Pasolini profeta biblico di sventure laiche; Pasolini e il mistero sulla lunga notte all’Idroscalo di Ostia nel 1975; polemista corrivo; intellettuale controcorrente e scrittore prolifico; umanista irriducibile avverso la società interconnessa che ha derubricato tutti noi in consumatori soggiogati dai dittatori digitali del XXI secolo. Di tutto di più, a 50 anni dalla sua scomparsa.
Non gusteremo però (causa maltempo) la passeggiata letteraria “Sulle Dune di Pasolini” e le incursioni nella sua opera programmate per oggi a Cutro dall’associazione “Calanchi del Marchesato”.
Peccato, perché Cutro, il Marchesato e Pier Paolo Pasolini hanno una storia di profondo dolore. E c’è molto in comune fra Cristo venduto da Giuda, gli occhi sbarrati dei migranti annegati nel mare di Steccato il 26 febbraio 2023 e lo scrittore assassinato dal giovane Giuseppe Pelosi. E Pasolini lo puoi qui scoprire in atteggiamenti imprevedibili, ripercorrendo il suo arrivare in questo mondo a parte, con il taccuino in mano e lo sguardo appuntito.
“Elì, Elì, lemà sabactàni”. Ricordate? Violentemente torturato, i chiodi rabbiosamente ficcati nelle mani e nei piedi. La testa reclinata sulla spalla destra, il volto esausto. Sangue cola dalle tempie, sul collo, sulle braccia. Sgorga dal costato. Abbandonato, persino dai suoi più fidati amici, dodici. Uno dei quali, Giuda Iscariota, dopo averlo baciato, lo tradì (e poi s’impiccò), consegnandolo all’arrogante Caifa e agli aguzzini per trenta monete d’argento.
E’ il Cristo di Cutro: monumento nazionale dal 1940 scolpito da fra Umile Pintorno da Pietralia, scultore d’arte sacra del Seicento in Italia.
Gesù di Nazareth sta spirando. Prima, però, dalle sue labbra tumefatte esce quel disperato lamento in aramaico. “Da mezzogiorno fino alle tre del pomeriggio si fece buio su tutta la terra”, annota Matteo, uno dei quattro inviati speciali cui fu dato il privilegio di tramandare eventi clamorosi. Come l’angosciato appello di un uomo che posa lo sguardo nell’abisso dell’animo umano e non lo distoglie più.

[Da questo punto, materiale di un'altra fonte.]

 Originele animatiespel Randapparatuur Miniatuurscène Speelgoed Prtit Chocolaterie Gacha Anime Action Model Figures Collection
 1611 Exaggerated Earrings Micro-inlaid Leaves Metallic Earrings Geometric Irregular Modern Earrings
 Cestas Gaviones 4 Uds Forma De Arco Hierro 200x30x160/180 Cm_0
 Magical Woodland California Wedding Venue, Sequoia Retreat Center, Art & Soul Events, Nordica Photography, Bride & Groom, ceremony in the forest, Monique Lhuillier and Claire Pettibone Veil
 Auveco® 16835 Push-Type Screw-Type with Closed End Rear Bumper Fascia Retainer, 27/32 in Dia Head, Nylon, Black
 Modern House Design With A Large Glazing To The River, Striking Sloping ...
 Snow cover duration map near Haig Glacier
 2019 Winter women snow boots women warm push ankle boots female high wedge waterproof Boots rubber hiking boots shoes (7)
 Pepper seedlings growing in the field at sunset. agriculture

Quando lo provocano, nel corso di un volgare processo politico: “Tu sei il figlio di Dio?”,risponde: “Tu lo dici”. Un’invocazione terribile, dinanzi alla quale l’Urlo di Munch è un armonioso mormorio.
Lì c’è angoscia e smarrimento, qui soltanto angoscia e sangue. Smarrimento no, perché l’uomo in croce ha un progetto da realizzare. Ha attraversato una parte di terra resuscitando morti, guarendo ciechi e paralitici, lasciando, a chi l’ha ascoltato, messaggi sconvolgenti (bellissimo il libro di Pietro Citati: “I Vangeli”).
I suoi biografi asseriscono che era “figlio di Dio”. Sia pure, ma la sua implorazione proviene dalla sua carne flagellata, dal costato aperto e dai piedi irrigiditi. E’ l’umanità lacerata dalle ingiustizie del mondo, che, prima di spegnersi, come uno qualunque, si rivolge al cielo: “Dio mio, Dio mio, perché mi hai abbandonato?”.
Volete vederlo con i vostri occhi l’uomo con le braccia spalancate, lasciato in balìa della bestialità umana dall’ora sesta all’ora nona, con la testa maciullata da una beffarda corona di spine?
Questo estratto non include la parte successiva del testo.